At a table lined with plastic cups, I took some bright pink liquid, which tasted like sweetened rose water. The turbaned man behind the counter, stirring an enormous pot of the liquid, did a double take when he saw me and quickly had his assistance pour me a cup of a different liquid, which they call sherbet. It tasted like the pink drink, mixed with milk, and I happily accepted.
Walking around outside, I had become less diligent about my scarf, and it had slipped. Drinking my sherbet and taking in the carnival-like atmosphere, it took me a minute to realize my cover was totally blown. About this time a policeman, dressed in an olive uniform and standing with half a dozen of his peers, asked me where I was from. I hesitated only a second before saying “America.” He informed me that I was not safe at the festival. Looking around, I found that quite hard to believe, and I told him as much. He indicated that the area of town I was in was not safe (read: Muslim) and that I might be happier on the other side of the gate (read: Tourist Area). I told him I thought I was perfectly safe and that everyone had been very kind to me. In fact, would he mind taking a picture with me? He declined saying “ok, ok,” and relayed that if I wasn’t careful people might push up against me. I thanked him for his concern and walked a few feet away where I stood watching the scene from more of a distance.
Yes, it was true that many people were staring at me, but I did not sense anger in their faces, only curiosity. While Udiapur is a tourist-filled town, even just a kilometer or two outside the main streets was another world, and a white western woman was a curiosity – much like a women in full sari might be stared at walking around a suburban mall in a suburb of Indianapolis, Indiana.
The seed, however, had been planted. The police officer’s words had clouded my mind, and instead of noticing the smiling faces, I became increasingly aware of the few serious and sullen ones. Instead of noticing the old man holding the little girl dressed entirely in pink, I noticed the groups of police standing with arms folded and surveying the scene. Instead of noticing the contrast of the brightly colored women’s saris and the men’s white Punjabi suits, I noticed the contrast of my slightly paler face to their slightly darker ones. Saddened, I turned toward the infamous gate and slowly walked away.

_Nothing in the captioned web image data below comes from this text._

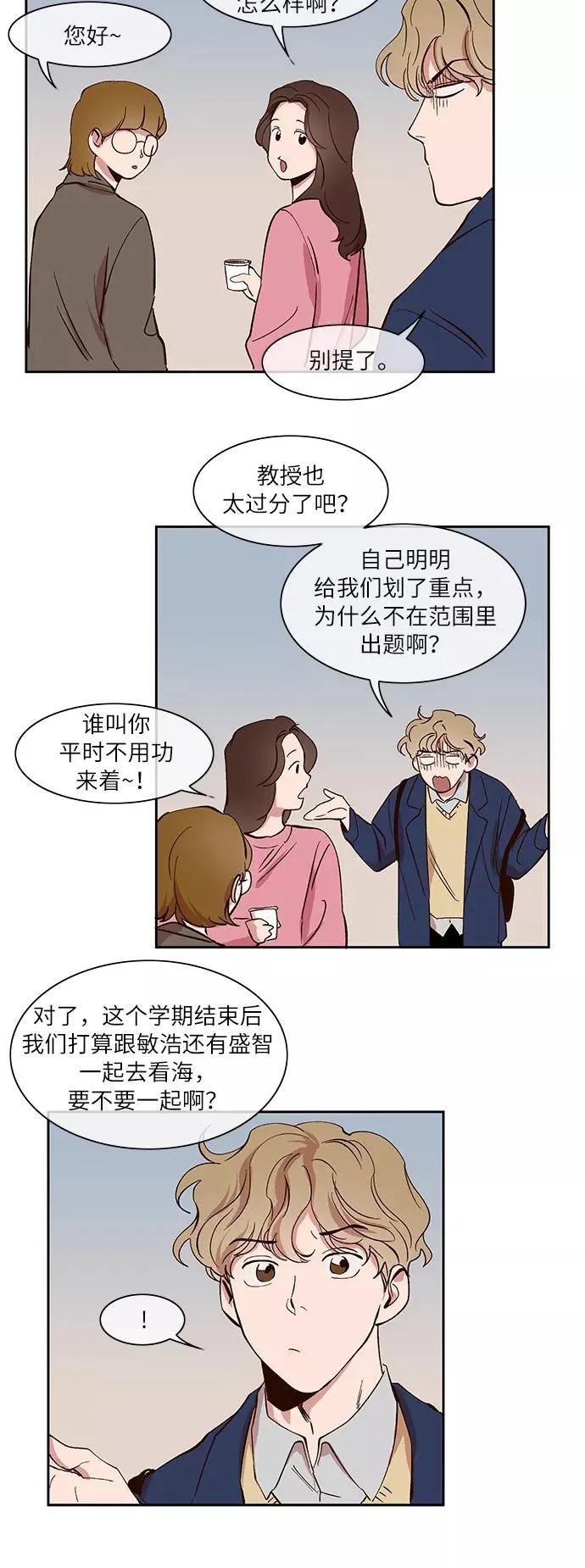 第29话 第10页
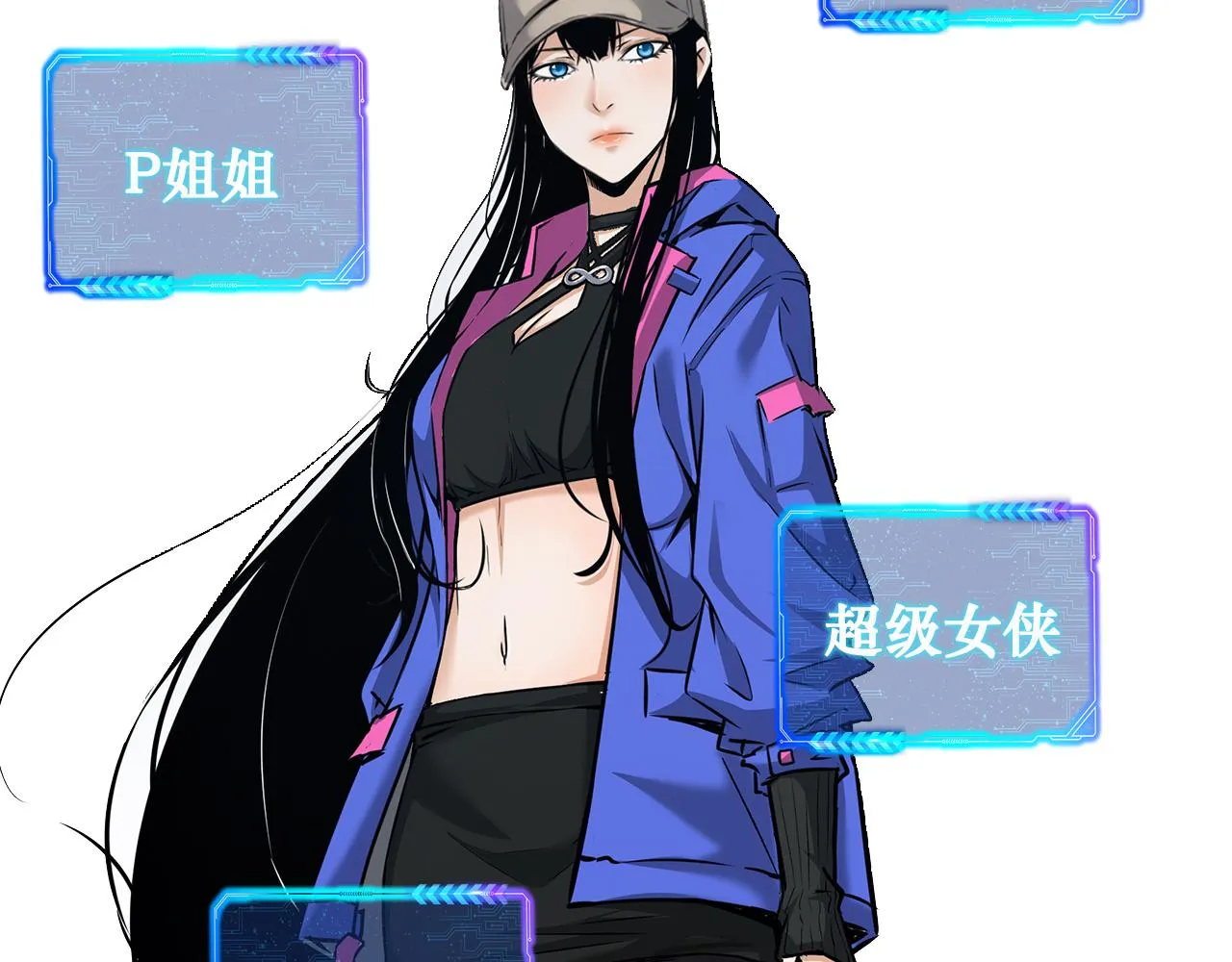 第186话 身与心 第131页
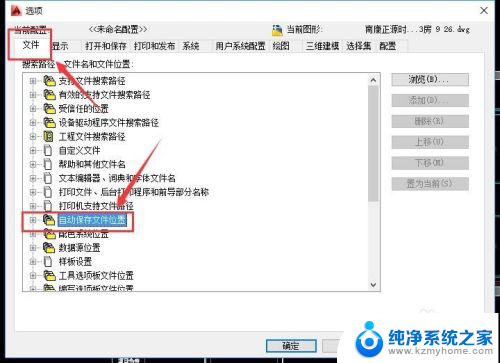 cad2019自动保存的文件在哪里 CAD自动保存路径图示指南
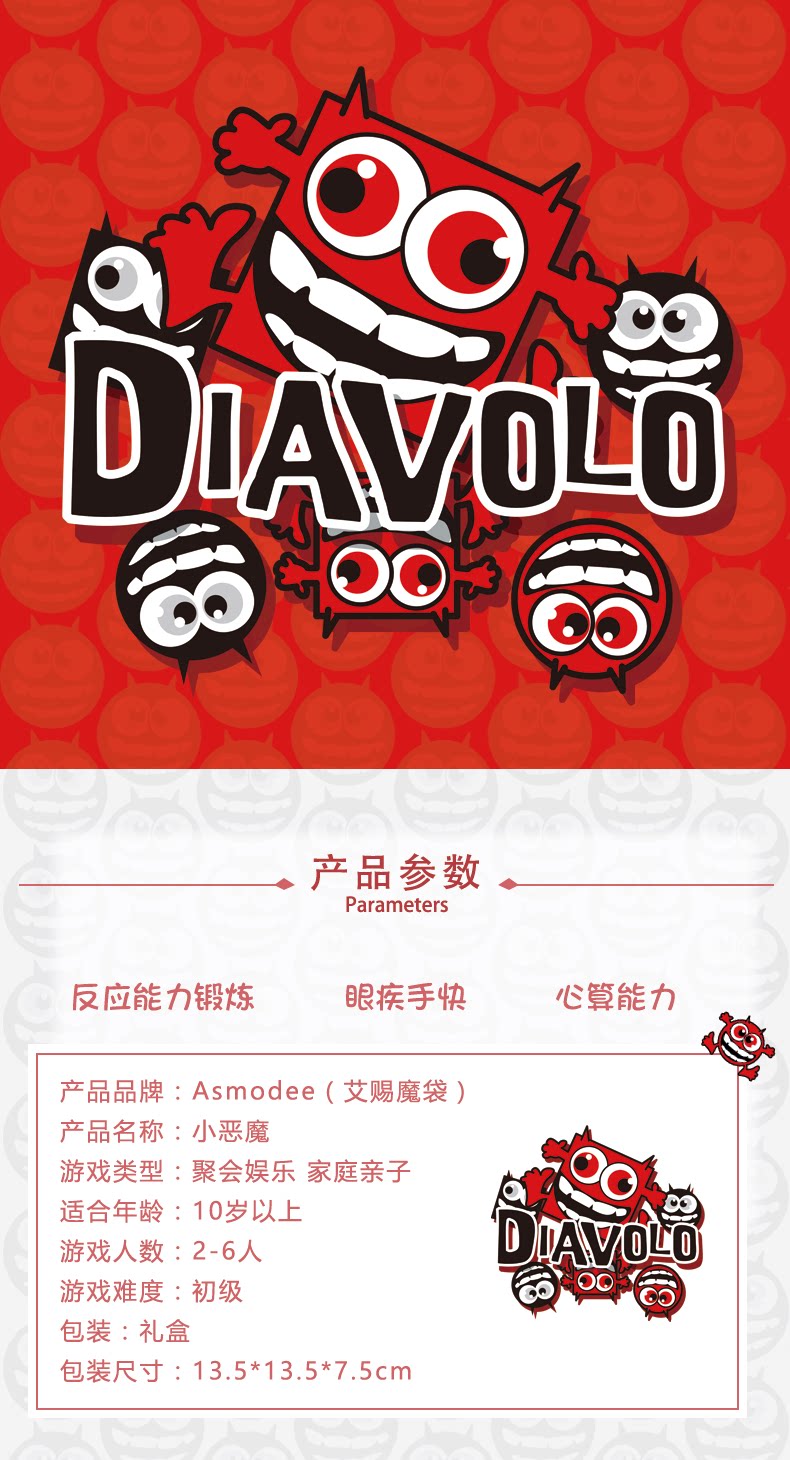 Настольная игра 桌游小恶魔diavolo锻炼反应数学能力asmodee家庭亲子儿童游戏玩具 Wisdom warehouse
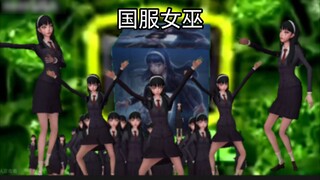 【第五人格24年4月3日珍贵影像】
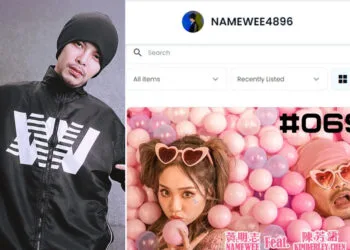 Source: Facebook/Namewee 黃明志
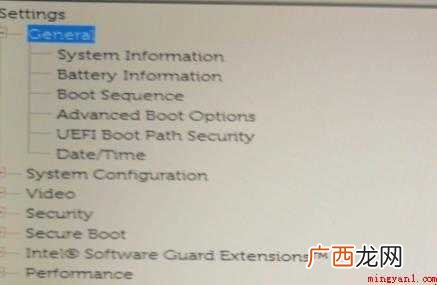 戴尔笔记本怎么进入bios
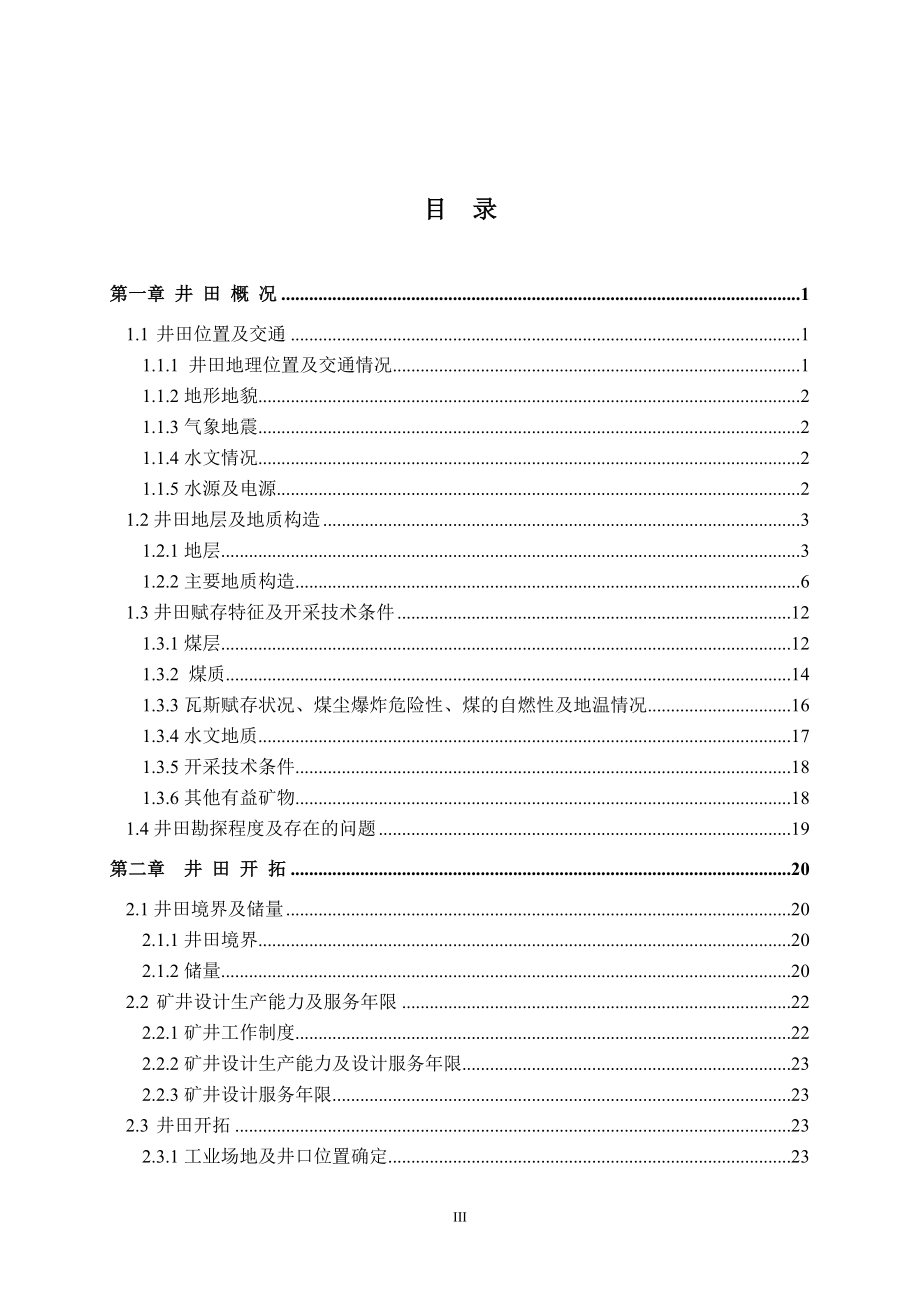 薛生龙蒲白矿务局朱家河煤矿一号井设计说明书.doc_第3页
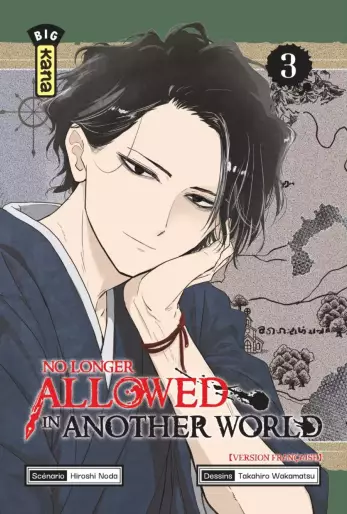 Manga - Manhwa - No longer allowed in another world Vol.3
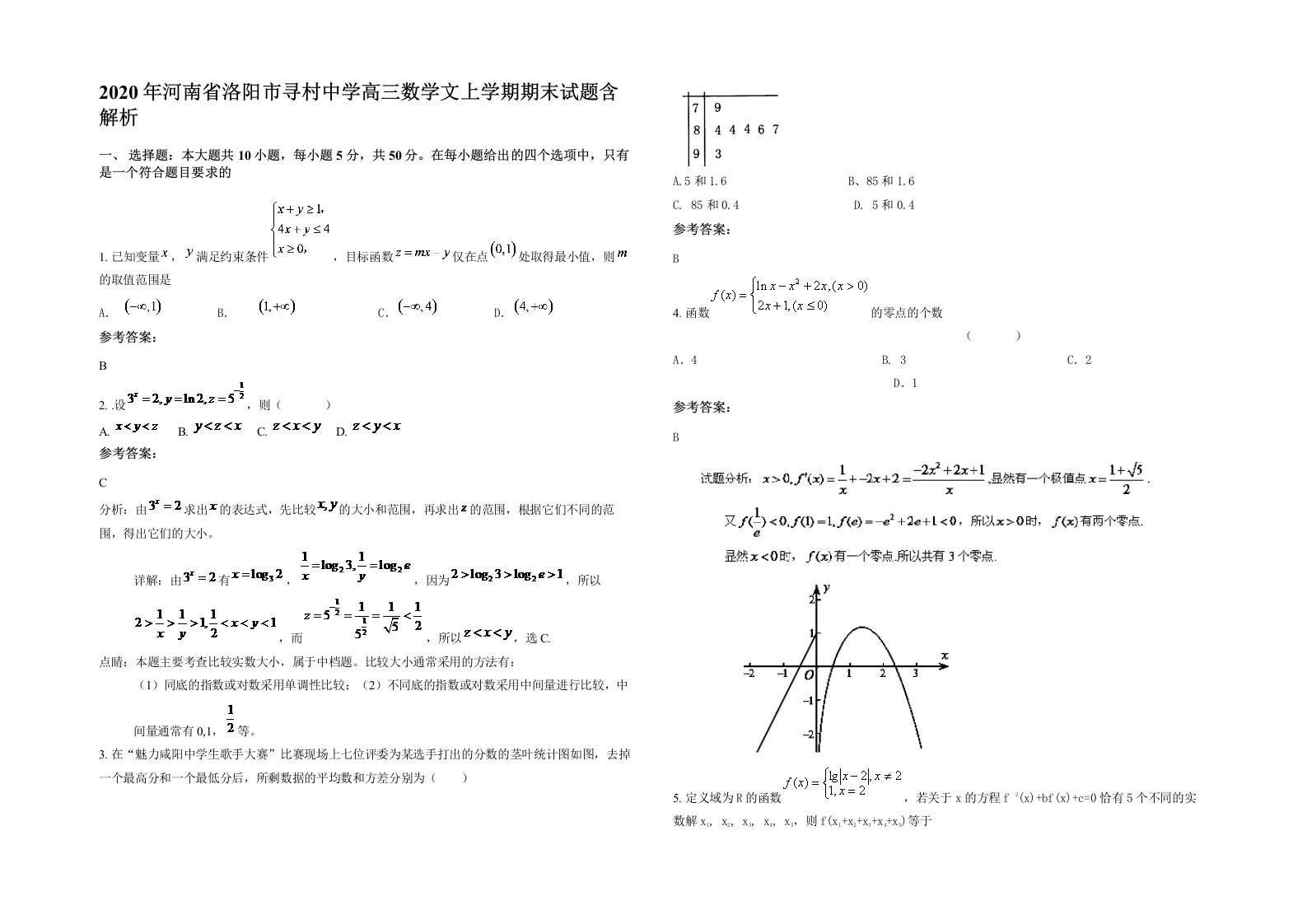 2020年河南省洛阳市寻村中学高三数学文上学期期末试题含解析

Before I passed through the ancient stone archway, a runaway bull cow took off down the street, narrowly missing me in its quest for a doe-eyed female. He mounted her at full speed, taking out a motorbike, which nearly toppled a boy sitting nearby, before the cow made her escape. I honestly believe, with all my heart, that the bull in heat represented a far greater danger to me than the hundreds of men, women and children gathering to celebrate the birthday of their prophet.